[R] Bus stop sequence matching problem
Adam Lawrence
alaw005 at gmail.com
Mon Sep 1 02:07:06 CEST 2014
Thank you for the help everyone, it has been a very helpful but steep
learning curve for me. I have ended up doing a loop as suggested by David
as I could understand this a bit better and seems can apply more generally.
I have set out my solution below in case that helps anyone.

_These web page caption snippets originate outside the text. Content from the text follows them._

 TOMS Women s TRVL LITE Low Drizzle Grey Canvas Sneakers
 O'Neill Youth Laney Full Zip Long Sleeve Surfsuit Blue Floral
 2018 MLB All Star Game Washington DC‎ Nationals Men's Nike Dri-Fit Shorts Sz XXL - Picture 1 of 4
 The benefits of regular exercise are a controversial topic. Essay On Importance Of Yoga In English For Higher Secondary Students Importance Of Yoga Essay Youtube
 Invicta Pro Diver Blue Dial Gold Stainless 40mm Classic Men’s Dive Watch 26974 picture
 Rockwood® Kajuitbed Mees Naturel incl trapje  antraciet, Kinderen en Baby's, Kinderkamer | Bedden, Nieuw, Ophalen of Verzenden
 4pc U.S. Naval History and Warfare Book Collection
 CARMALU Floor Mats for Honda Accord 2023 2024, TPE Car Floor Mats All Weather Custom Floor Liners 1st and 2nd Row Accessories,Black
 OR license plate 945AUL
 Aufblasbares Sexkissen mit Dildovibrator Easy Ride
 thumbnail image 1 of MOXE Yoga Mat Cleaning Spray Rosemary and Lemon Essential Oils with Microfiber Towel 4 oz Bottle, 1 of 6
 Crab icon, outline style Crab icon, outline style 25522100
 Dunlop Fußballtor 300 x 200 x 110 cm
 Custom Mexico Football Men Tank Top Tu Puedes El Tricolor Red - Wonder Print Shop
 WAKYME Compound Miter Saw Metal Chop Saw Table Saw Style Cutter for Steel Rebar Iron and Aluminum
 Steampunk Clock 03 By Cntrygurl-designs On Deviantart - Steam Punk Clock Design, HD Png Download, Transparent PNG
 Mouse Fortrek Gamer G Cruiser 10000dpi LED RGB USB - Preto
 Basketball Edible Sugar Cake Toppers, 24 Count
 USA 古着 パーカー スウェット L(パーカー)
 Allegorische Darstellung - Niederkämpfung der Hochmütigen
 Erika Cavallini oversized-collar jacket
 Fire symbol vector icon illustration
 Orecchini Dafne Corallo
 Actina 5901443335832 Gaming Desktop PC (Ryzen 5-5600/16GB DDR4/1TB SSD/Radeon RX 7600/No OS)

I am interested though if the loop can be vectorized, as from my reading
this is the preferred (faster) R approach but I can't get my head around
how it works.
Regards
Adam
#
# I could either 1) loop through stops and check onoff, or 2) loop through
onoff and check stops.
#
# I chose option 2 because the first option might miss data if a stop
occurs more than once in the sequence and the
# first occurance of stop_onoff does not relate to the first occurance (e.g
for stop_sequence A,B,C,D,B,A if stop_onoff
# records are B, A then on first iteration option 1 will link the first
stop_sequence A to stop_onoff A and subsequent
# iterations will ignore stop_onoff B because occurs before A).
#
bus_load_profile <- function(stop_onoff, stop_sequence) {
# Add additional columns to stop_sequence to hold matched on/off/load data
stop_sequence <- cbind(stop_sequence, on=0, off=0, load=0)
# Start stop_sequence index at 1 (i.e. over all records)
idx_stop_sequence <- 1
# Loop through stop_onoff records and assign to stop_sequence
for (idx_stop_onoff in 1:nrow(stop_onoff)) {
# Get stop_onoff ref
ref_onoff <- as.character(stop_onoff$ref[idx_stop_onoff])
# Get candidate refs from stop_sequence (i.e only those occuring after
any previous matches)
ref_sequence_canidates <-
as.character(stop_sequence$ref[idx_stop_sequence:nrow(stop_sequence)])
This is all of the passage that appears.